Driving from the airport to Hanoi... was INSANE. Literally insane. Cars and motorbikes converging from everywhere, turning wherever they wanted, and filling every available space. It was worse than China by a long stretch, and that is saying something! It was a miracle we made it there alive.

Hanoi is the capital city of 'nam, but it's not actually the biggest (Hi Chi Minh has this honour!) ... I would wager that it is the busiest though, as it is crazy busy with traffic. Apparently there are 7 million people in Hanoi... and 6 million motorbikes... If you want to cross the road here you just sort of have to walk out, and the motorbikes drive around you.

We are staying in the old quarter, which is the busiest part with the narrowest roads. Splendid. It's actually very cool, and there are lots of craft and food stalls, as well as some good bars and shops. It's also very central, making it easy to get to the main attractions of Hanoi. Not that we saw any of them on the first night, as we decided to stay in the hostel, order a pizza and watch Bridesmaids in the movie room. Hey, it can't be all new experiences and excitement... that's exhausting!

The evening of the first full night we went to the world famous Water Puppet Show, which was utterly hilarious. There was a kind of stage in front of us that looked like a kind of Asian town house with a water area in front of it, and then these Vietnamese musicians appeared to the side. The Water puppetry was developed in the 12th Century by farmers during the Monsoon seasons, and features wooden puppets, presumably on sticks that are submerged in the water. I don't think it has changed much since then to be honest.

It is in fact a clever little Art form, but some of the puppets were a bit dated and sort of leaned over on one side like they were drunk. They kind of bobbed around and while the other puppets stood up and moved around they just looked like zombies. At one point a puppet man carrying a candle kind of fell forward onto the horse puppet in front of him, which made him look as if he was setting the horse's backside on fire.

All the while during the whole performance, two of the Vietnamese female musicians sort of shouted and sang a kind of folk story, which of course we couldn't understand at all.

It was much funnier than I think it was supposed to be, and I had to stifle my laughter constantly as other people in the audience seemed to be taking it very seriously.

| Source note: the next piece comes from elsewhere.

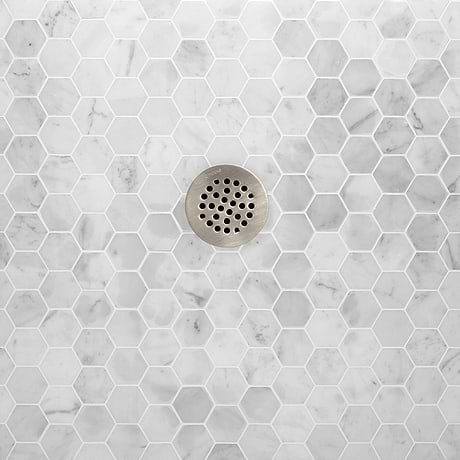 Carrara White 2" Hexagon Polished Marble Mosaic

I can't imagine that anyone could contain themselves without laughing at some point during the performance, but it would seem some people are made of stone, as the theatre was silent... if you didn't count my muffled snorts of laughter and the Vietnamese screeching musicians.

The following day, after a brilliant buffet breakfast (I love a buffet!), we headed into Hanoi to have a look around. We had wanted to go to see Ho Chi Minh's embalmed body in the Mausoleum, but we found out that every year between October and December the body is shipped to Russia for restoration and repair! So we thought that we would just go to the attached museum, but turned out that it was shut on Fridays... So failure all round really on the Ho Chi Minh front!

Instead we went to the Vietnam National Fine Arts Museum... which was sadly a bit of a let down. The traditional Art of Vietnam is just... well... it's just not very good! Some of the ceramics were nice, but nothing compared to the stuff we'd seen in the Shanghai Museum. It made me realise how spoiled we are in Europe with the incredible galleries of work that are available to us.

We did, by chance though, stumble upon a pretty cool photography exhibition of Sibylle Bergemann's work, in the Goethe Institute.

The absolute highlight for me so far in Hanoi though was the Vietnamese Women's Museum, which was absolutely incredible... so much so that I will do a separate entry of interesting stuff I found out there!

Following all of our cultural enriching activity we went to the famous 'Fanny's Ice Cream Parlour' which was brilliant for two reasons. 1) the ice-cream was AMAZING, and 2) we were able to giggle like schoolgirls about all the innuendo's we could come up with involving the name of the place.

Hanoi is a pretty cool city, but am not sure that I would want to spend a lot of time here. Fortunately we have trips planned using Hanoi as a base which should be lots of fun.